Sunday, January 15, 2006

16 Years and One Week

Erika and Sugar (blog-buddies) commented on my Jan. 6 post, wishing me a happy anniversary, and I was reminded again just how blessed I am to have found the ONLY man who:

1) can hold his own with me
2) deal with my 'eccentricities'
3) won't argue unless it's really worth arguing over (and it *rarely* is)
4) doesn't expect me to fill some stereotypical housewife role
5) is amazing with the kids
6) still treats me like a sex goddess (I'm blushing! Did I just type that????)

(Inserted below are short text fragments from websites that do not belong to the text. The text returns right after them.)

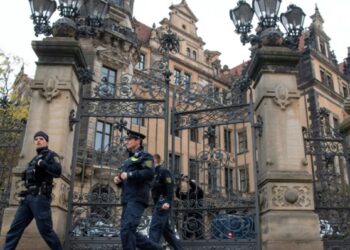 POLIS Jerman berjaya menemukan permata dan barangan kemas berharga yang dirompak dari muzium Green Vault di Dresden pada tahun 2019.-AFP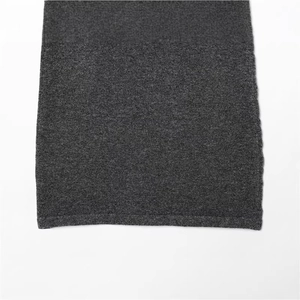 Gros plan sur une robe courte en tricot gris foncé avec détails de boutons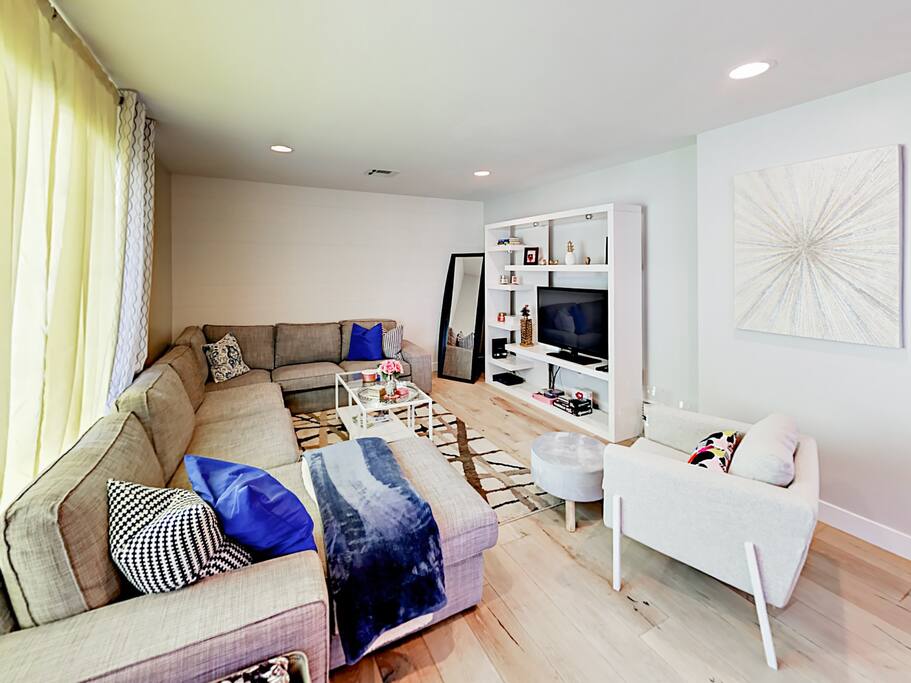 Your rental will include the TurnKey HomeDroid Tablet. This electronic directory provides helpful information (e.g., TV instructions) and area activities/suggestions.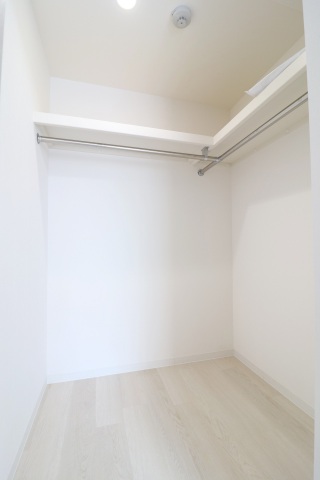 収納　ウォークインクローゼット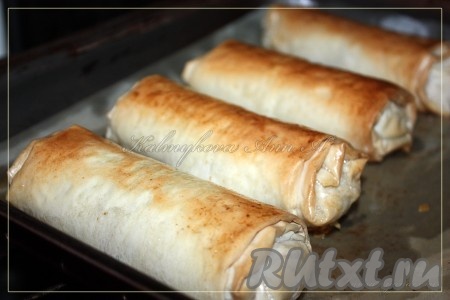 Поставить выпекать на 20-25 минут в разогретую духовку при температуре 180 градусов.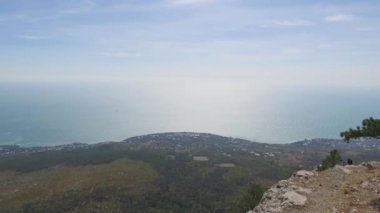 Dağın tepesinden kentin ve denizin görüntüleyin. Dağ deniz şehir manzarası. Vurdu. Dağ şehir Nehri Panoraması. Dağ nehir şehir manzaralı. Şehir sahne.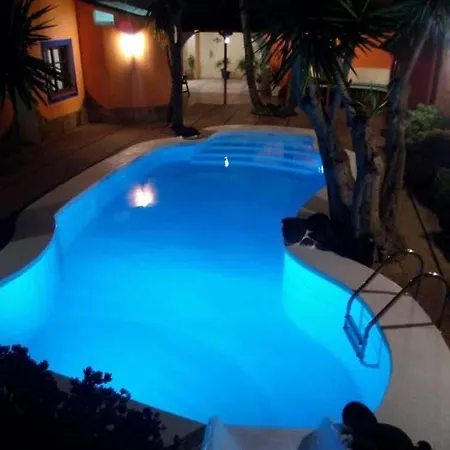Villa Sleeps 8 Pool Wifi *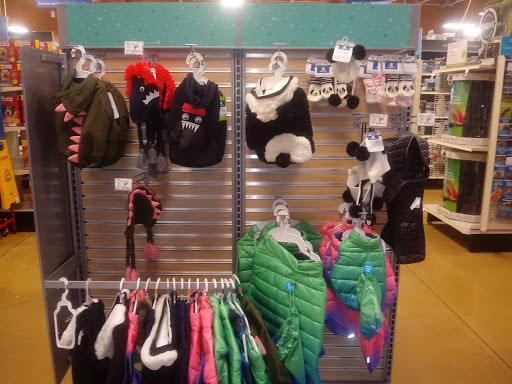 Pet Supply Store «PetSmart», reviews and photos, 131 Town Center Rd, King of Prussia, PA 19406, USA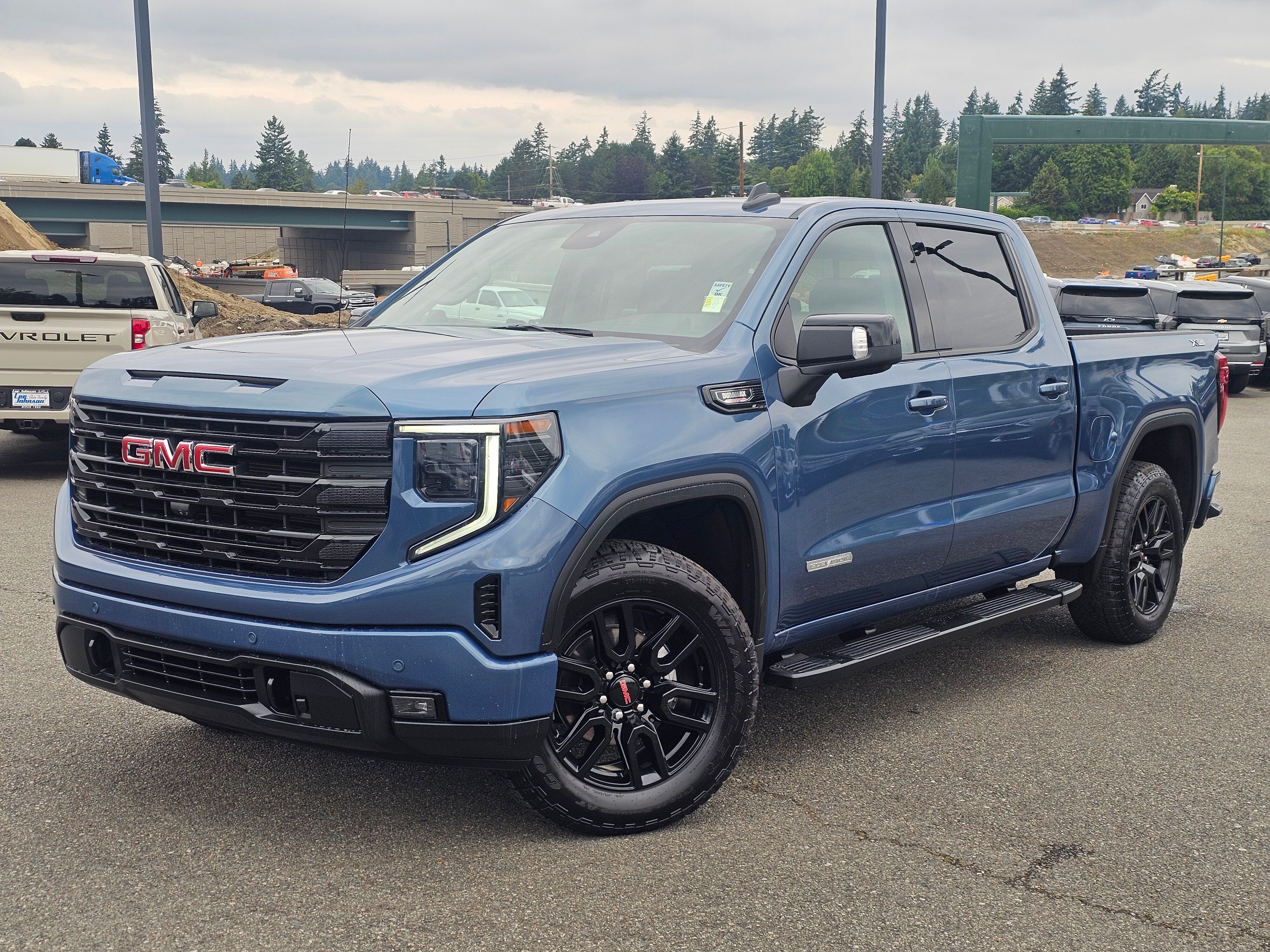 Downpour Metallic 2026 GMC Sierra 1500 Pickup Truck Four-Wheel Drive Automatic
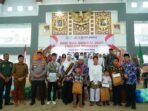 HAN 2025 di Bengkulu Gubernur Bengkulu, Helmi Hasan bersama Wali Kota Bengkulu, Dedy Wahyudi dan Sekda Bengkulu, Herwan Antoni foto bersama anak-anak dan pejabat dan undangan pada acara peringatan HAN 2025, Selasa 29 Juli 2025.(Foto HB/IRS)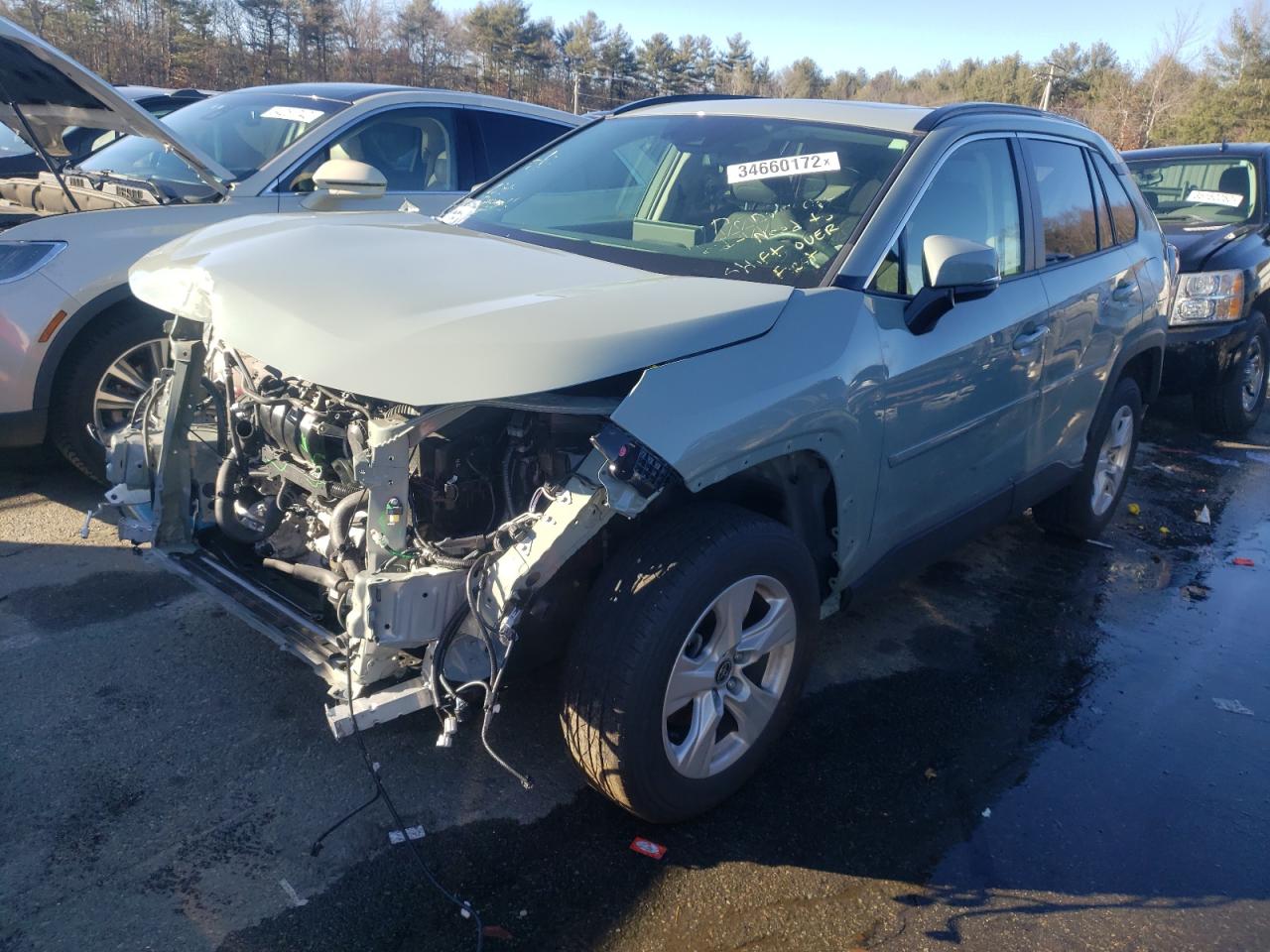 Photo 2 from auction – 2020 TOYOTA RAV4 XLE with VIN JTMP1RFV9LD064988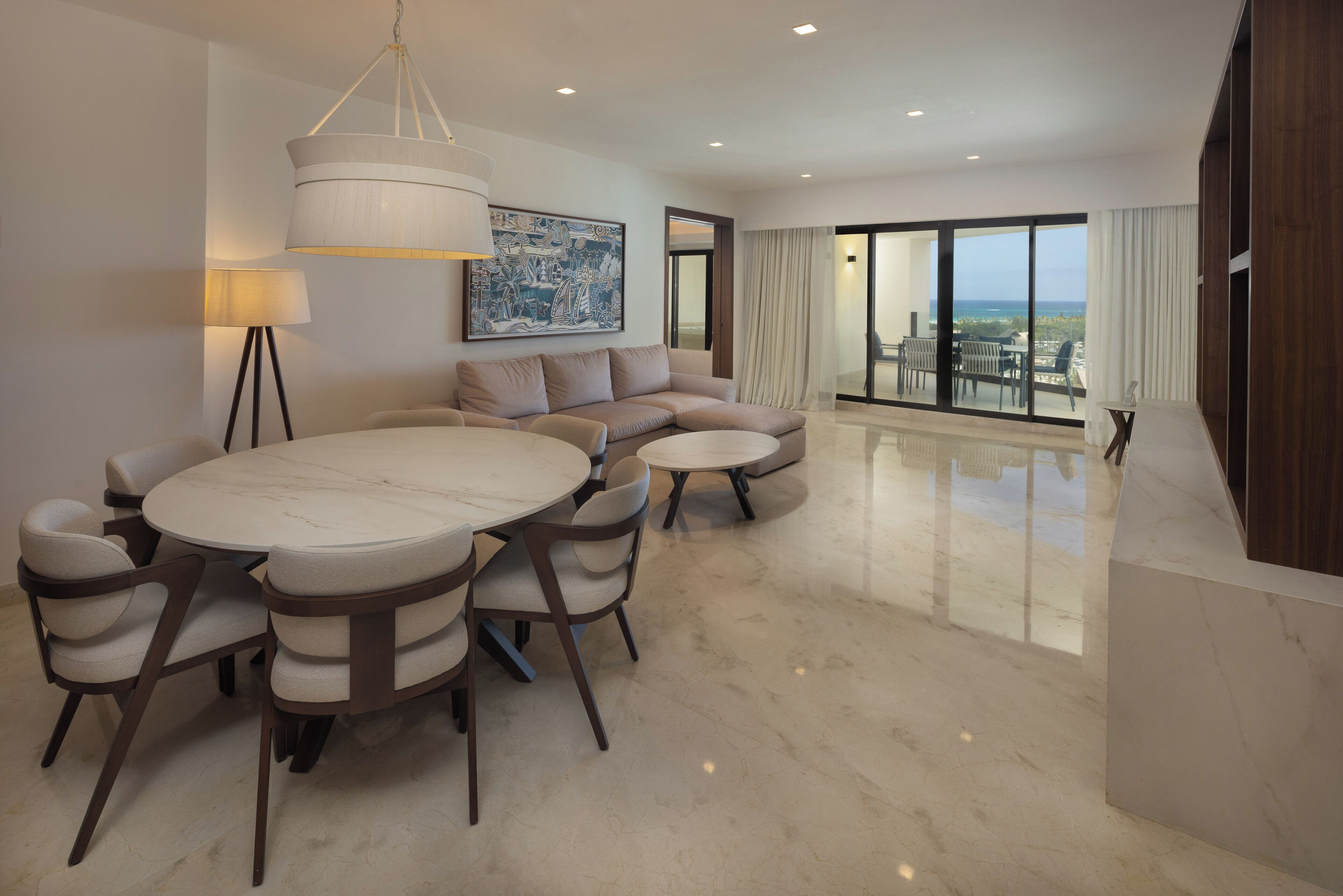 Seprai premium, selimut bulu angsa, minibar gratis, dan brankas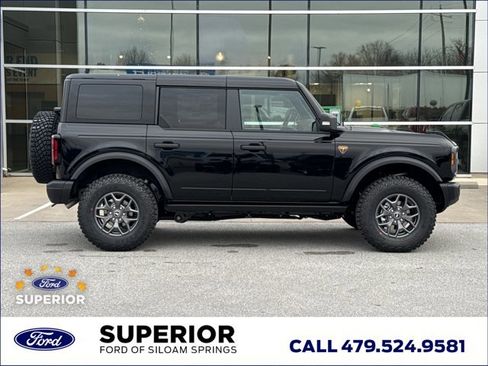 New 2025 Ford Bronco Badlands image 2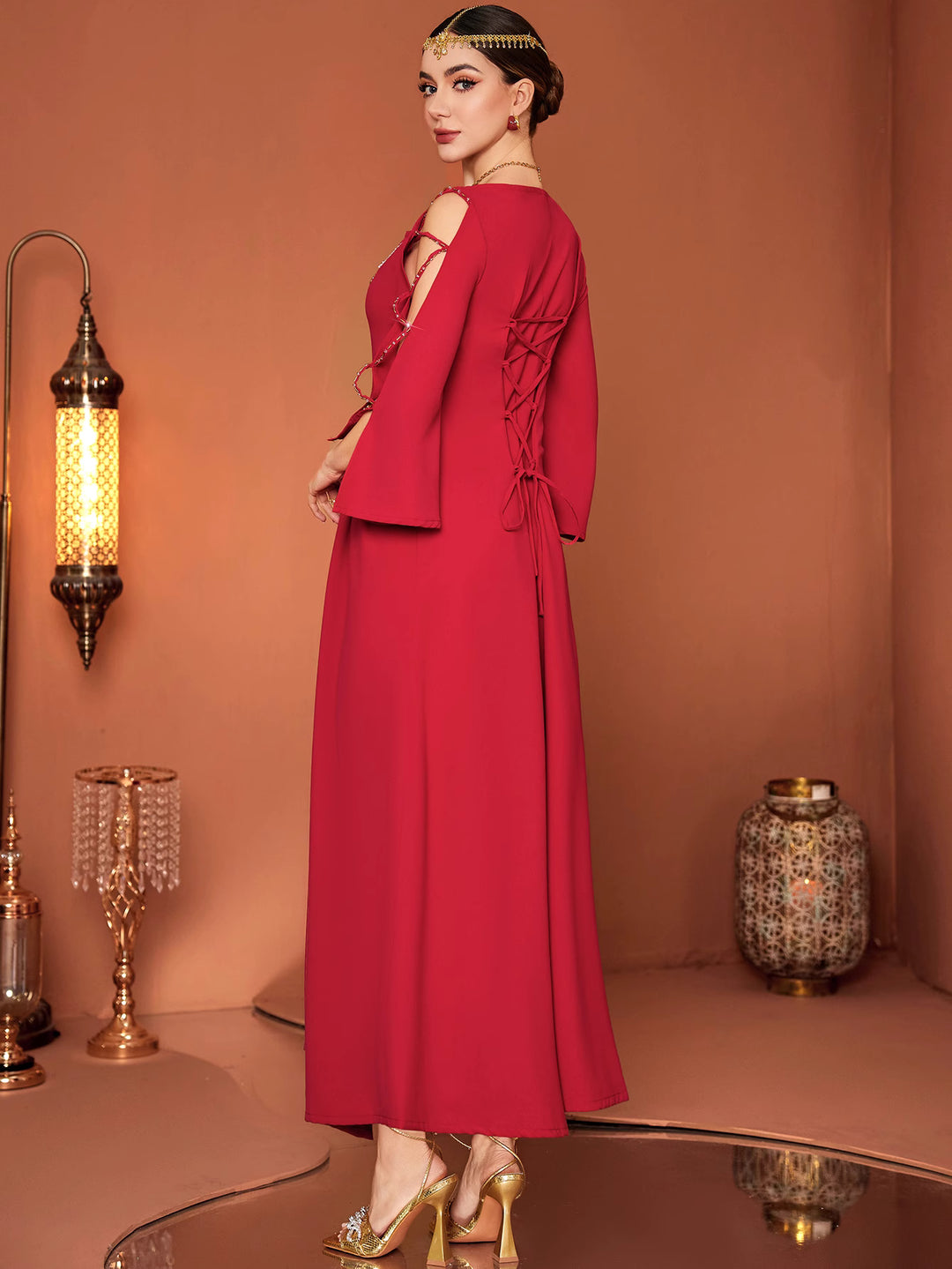 فستان بأكمام واسعة وفتحة رقبة مزينة - روبينا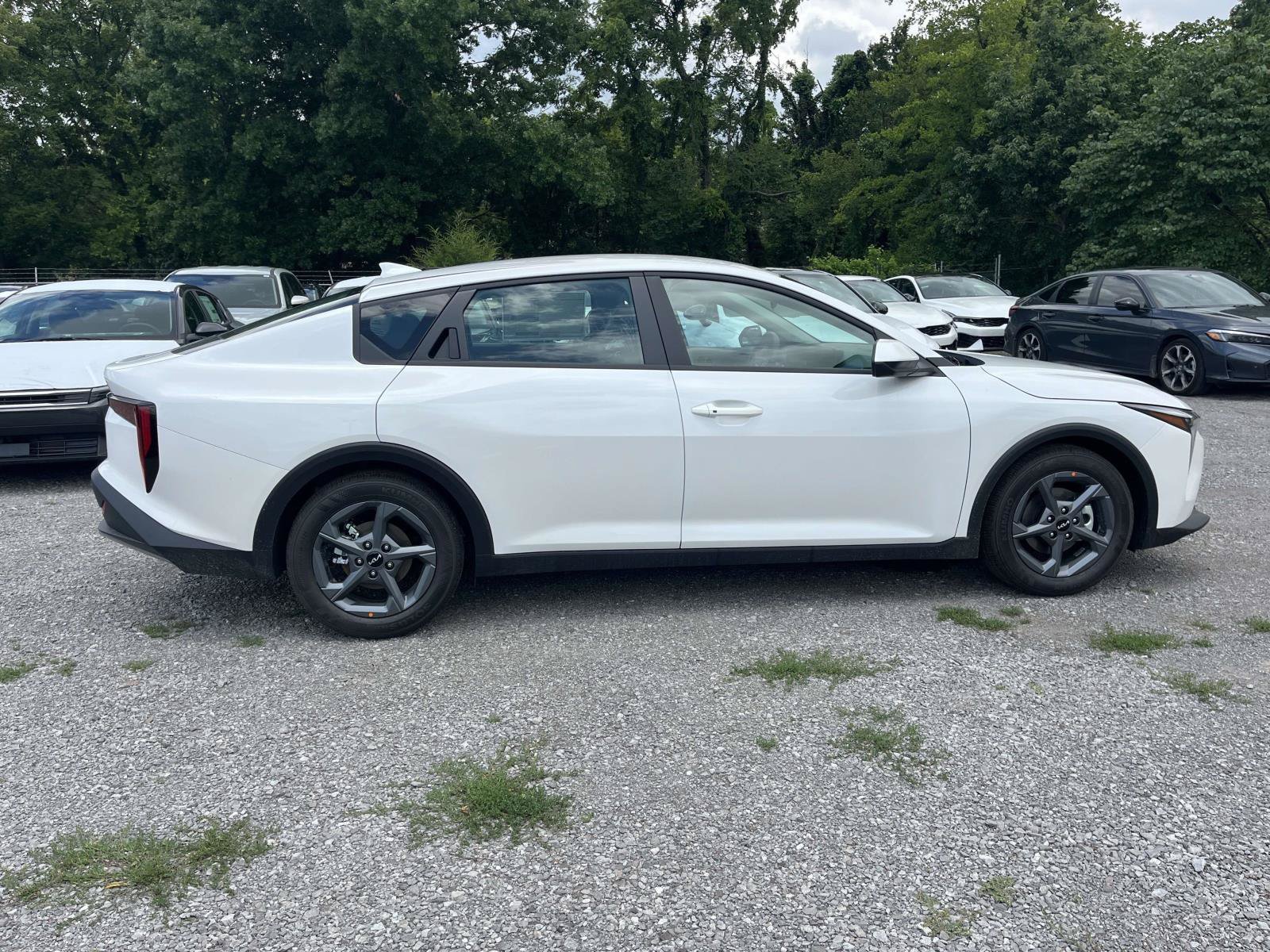 New 2026 Snow White Pearl Kia LXS image 8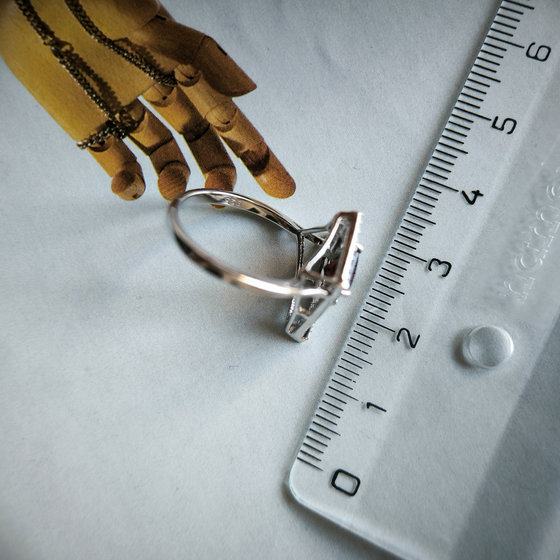 Silver ring with garnet 1.555ct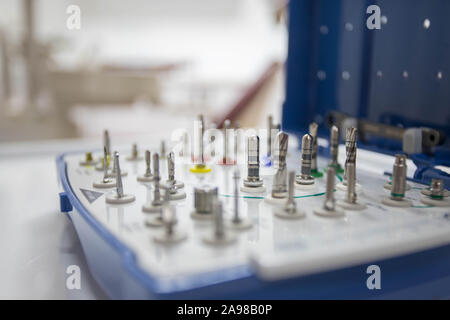 Strumenti odontoiatrici kit per implantologia dalla chirurgia orale in studio dentistico Foto Stock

The love of my life ran a 9K race (5.6 miles) today and did great. He's feeling good. He calls it "better living through chemistry." For those of you who don't know, he was diagnosed with an aggressive form of Coronary Artery Disease (CAD) in 2002 at the age of 36. His family history is awful (fatal first heart attacks on his father's side, multiple bypasses on his mother's). We pretty much figured it would be an issue one day, but I honestly thought that we'd have another 20 years before we'd have to deal with it (he'd be in his late 50's then).

Instead he had one angioplasty and one stent in August 2002. Three more stents, including one of the new medicated ones, in August 2003. Triple bypass surgery in March 2004. His surgeon at the time, said dear hubby has 'the arteries of a 12 year old girl.' (a genetic predisposition for very narrow arteries). He was also the first to say, 'well, technically, your husband has a fatal disease." (thanks, doc!)

I guess if you have to have a 'fatal disease', CAD is the one to get. The American Heart Association lobby is apparently a powerful fundraising and lobbying entity. During the time between stents 1 and numbers 2-4, for example (a one year span), the drug coated stents were approved by the FDA. Unfortunately, they didn't work for dear hubby, but someone else with benefit, I'm sure.

Now they're working on new medications, based on a certain protein (apoA-1 Milano), that may actually clear arteries like Drano...no surgery needed! Of course these meds are a few years from being approved, but perhaps during dear hubby's lifetime...

He and I don't discuss it in depth often, but I think we've both resigned ourselves to the fact that we probably won't grow old together. He has mentioned on more than one occasion that he doesn't think he has the same life expectancy as the average 38-year old man. Perhaps medical advances - and a lotta prayer - will change that.